**Activity**
Quote exactly the lines from the one with "لامپ آریایی دو کنتاکت MKS" to the end of the data, both included; omit the pictures.

Caption-style text data
__________
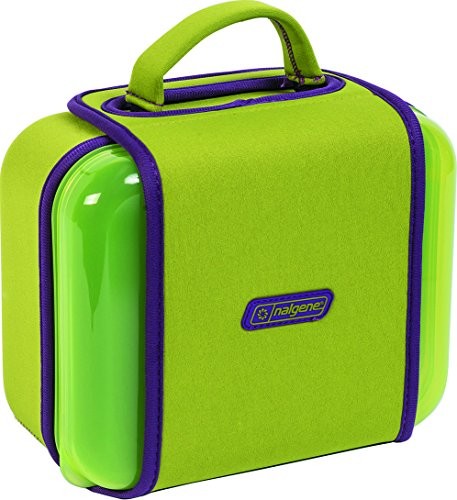 Nalgene Lunch Box 'Buddy' pojemniki do przechowywania, zielony, jeden rozmiar 340692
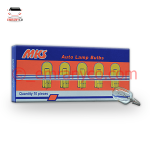 لامپ آریایی دو کنتاکت MKS
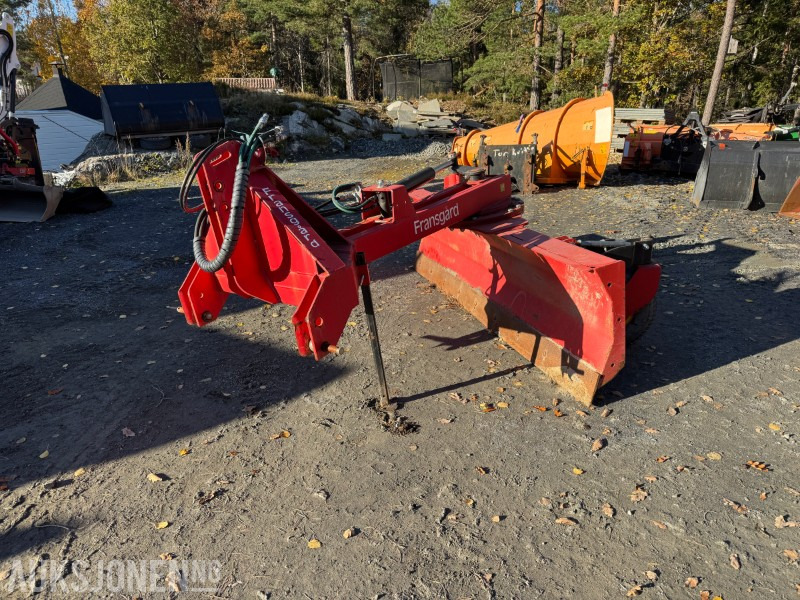 2019 Fransgård GT-275DK - Machine agricole: photos 2 2019 Fransgård GT-275DK - Machine agricole: photos 2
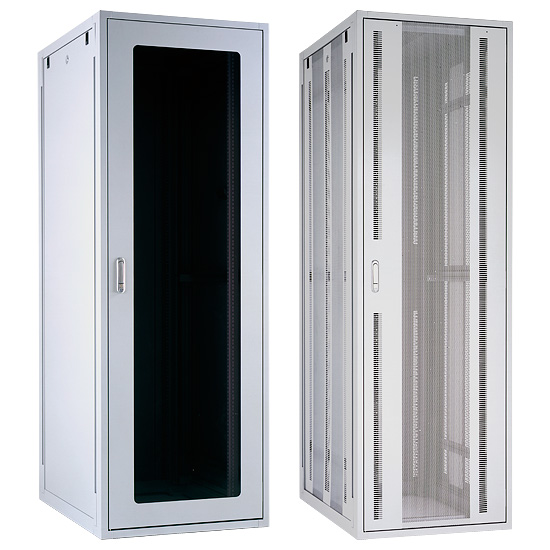 アルミフレーム仕様 サーバーラック FGCシリーズ 摂津金属工業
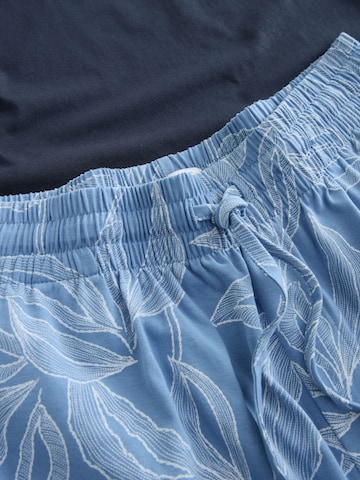 Pigiama lungo di Next in blu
__________
**Exercise result**
 لامپ آریایی دو کنتاکت MKS
 2019 Fransgård GT-275DK - Machine agricole: photos 2 2019 Fransgård GT-275DK - Machine agricole: photos 2
 アルミフレーム仕様 サーバーラック FGCシリーズ 摂津金属工業
 Pigiama lungo di Next in blu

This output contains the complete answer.